Bir gün çölde yürüyen bir yolcu, yolun ortasında boynu bükük oturan bir kadın görmüş ve kim olduğunu sormuş.
“Benim adım Hakikat’tır” diye cevap vermiş kadın.
“Peki, neden şehri terk edip bu ıssız yerde yaşamaya karar verdin?” diye tekrar sormuş adam.
“Eskiden Yalan’a pek rastlanmazdı bizim oralarda, oysa şimdi nereye gitsen ona rastlıyorsun.

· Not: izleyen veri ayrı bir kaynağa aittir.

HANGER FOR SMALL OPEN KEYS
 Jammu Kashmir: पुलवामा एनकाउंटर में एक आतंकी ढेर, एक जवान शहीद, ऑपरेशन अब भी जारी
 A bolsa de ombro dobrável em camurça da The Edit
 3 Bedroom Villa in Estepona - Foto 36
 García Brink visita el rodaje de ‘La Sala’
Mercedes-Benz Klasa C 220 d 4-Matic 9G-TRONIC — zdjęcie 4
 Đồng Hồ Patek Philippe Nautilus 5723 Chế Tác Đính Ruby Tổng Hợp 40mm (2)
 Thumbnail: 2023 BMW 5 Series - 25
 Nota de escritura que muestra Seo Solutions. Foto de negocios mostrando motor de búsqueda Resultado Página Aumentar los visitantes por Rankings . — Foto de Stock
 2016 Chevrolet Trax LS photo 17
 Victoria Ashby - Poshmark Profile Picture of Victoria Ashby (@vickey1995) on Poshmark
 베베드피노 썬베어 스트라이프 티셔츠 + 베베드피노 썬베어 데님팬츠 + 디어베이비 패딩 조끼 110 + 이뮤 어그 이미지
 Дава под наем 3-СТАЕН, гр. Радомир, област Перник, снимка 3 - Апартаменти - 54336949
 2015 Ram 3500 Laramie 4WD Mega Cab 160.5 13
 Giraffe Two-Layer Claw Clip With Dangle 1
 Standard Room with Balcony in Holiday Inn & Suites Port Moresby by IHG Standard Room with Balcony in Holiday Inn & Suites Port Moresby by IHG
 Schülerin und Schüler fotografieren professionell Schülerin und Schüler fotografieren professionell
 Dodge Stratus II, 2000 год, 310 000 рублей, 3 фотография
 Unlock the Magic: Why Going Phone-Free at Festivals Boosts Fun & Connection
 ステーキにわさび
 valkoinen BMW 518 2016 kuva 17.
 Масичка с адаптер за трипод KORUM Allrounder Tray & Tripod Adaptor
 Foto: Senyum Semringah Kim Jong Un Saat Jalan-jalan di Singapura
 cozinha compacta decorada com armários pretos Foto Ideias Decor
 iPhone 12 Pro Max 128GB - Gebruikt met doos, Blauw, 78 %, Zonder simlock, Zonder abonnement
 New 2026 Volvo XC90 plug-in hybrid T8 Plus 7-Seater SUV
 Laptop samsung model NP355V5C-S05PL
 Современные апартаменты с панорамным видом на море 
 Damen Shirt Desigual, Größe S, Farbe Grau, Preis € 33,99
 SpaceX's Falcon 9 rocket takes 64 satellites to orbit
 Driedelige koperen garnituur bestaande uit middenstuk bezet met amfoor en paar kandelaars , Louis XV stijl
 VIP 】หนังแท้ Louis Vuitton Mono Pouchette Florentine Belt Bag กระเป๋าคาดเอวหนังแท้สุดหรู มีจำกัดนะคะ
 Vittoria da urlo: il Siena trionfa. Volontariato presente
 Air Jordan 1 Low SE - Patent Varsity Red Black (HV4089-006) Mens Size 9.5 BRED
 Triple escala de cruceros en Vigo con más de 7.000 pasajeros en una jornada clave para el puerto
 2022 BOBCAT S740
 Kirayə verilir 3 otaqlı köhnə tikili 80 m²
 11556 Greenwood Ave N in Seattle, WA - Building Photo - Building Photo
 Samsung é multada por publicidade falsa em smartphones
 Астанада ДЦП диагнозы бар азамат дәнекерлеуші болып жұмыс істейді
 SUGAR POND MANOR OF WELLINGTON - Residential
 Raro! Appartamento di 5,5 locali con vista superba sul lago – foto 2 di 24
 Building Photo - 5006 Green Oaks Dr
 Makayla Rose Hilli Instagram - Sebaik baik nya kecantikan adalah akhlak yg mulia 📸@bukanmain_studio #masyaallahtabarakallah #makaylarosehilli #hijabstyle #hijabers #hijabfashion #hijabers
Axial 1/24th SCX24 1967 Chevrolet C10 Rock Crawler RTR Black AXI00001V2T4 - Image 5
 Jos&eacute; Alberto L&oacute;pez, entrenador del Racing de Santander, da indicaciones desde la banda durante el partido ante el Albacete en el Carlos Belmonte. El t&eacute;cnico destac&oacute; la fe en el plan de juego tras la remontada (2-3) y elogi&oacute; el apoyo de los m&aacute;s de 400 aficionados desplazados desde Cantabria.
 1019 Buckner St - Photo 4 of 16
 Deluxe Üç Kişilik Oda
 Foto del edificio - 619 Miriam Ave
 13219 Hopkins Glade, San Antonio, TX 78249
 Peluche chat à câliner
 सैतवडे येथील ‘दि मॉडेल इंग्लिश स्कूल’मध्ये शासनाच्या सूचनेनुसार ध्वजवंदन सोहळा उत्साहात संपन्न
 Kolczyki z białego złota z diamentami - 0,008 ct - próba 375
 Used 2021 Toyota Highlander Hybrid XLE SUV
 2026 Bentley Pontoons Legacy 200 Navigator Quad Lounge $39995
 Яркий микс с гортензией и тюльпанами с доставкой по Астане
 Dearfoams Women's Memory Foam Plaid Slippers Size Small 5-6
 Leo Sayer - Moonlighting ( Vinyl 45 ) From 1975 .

Bu yüzden Hakikat’e yer kalmadı,” diye cevap vermiş mahzun kadın.
Yukarıdaki kısa öykü M.Ö. 4. yüzyılda yaşadığı düşünülen Ezop’a ait. Masallarında genellikle hayvanlar başta olmak üzere varlıkları dile getirerek iyilik, doğruluk ve ahlak gibi erdemlerin önemine değinen Ezop (Aisopos), Anadolu’da yaşadığı düşünülen bir yazar olmakla birlikte, ülkemizde onu genellikle La Fontaine tarafından adapte edilen “Karınca ve Ağustos Böceği” gibi eserleriyle tanırız.
Yukarıda değindiğim eserini ilk kez gördüğümde aklıma günümüzde sıklıkla eleştirdiğimiz sosyal medyada yaşanılan dezenformasyon sorunu gelmişti. Geçmişten beri var olan bu sorunu, günümüzün ışık hızında her türlü enformasyonun yayıldığı dünyasında toplumlar sosyal medya okuryazarlığı bilincine erişmeden tamamen çözebilmek mümkün görülmüyor.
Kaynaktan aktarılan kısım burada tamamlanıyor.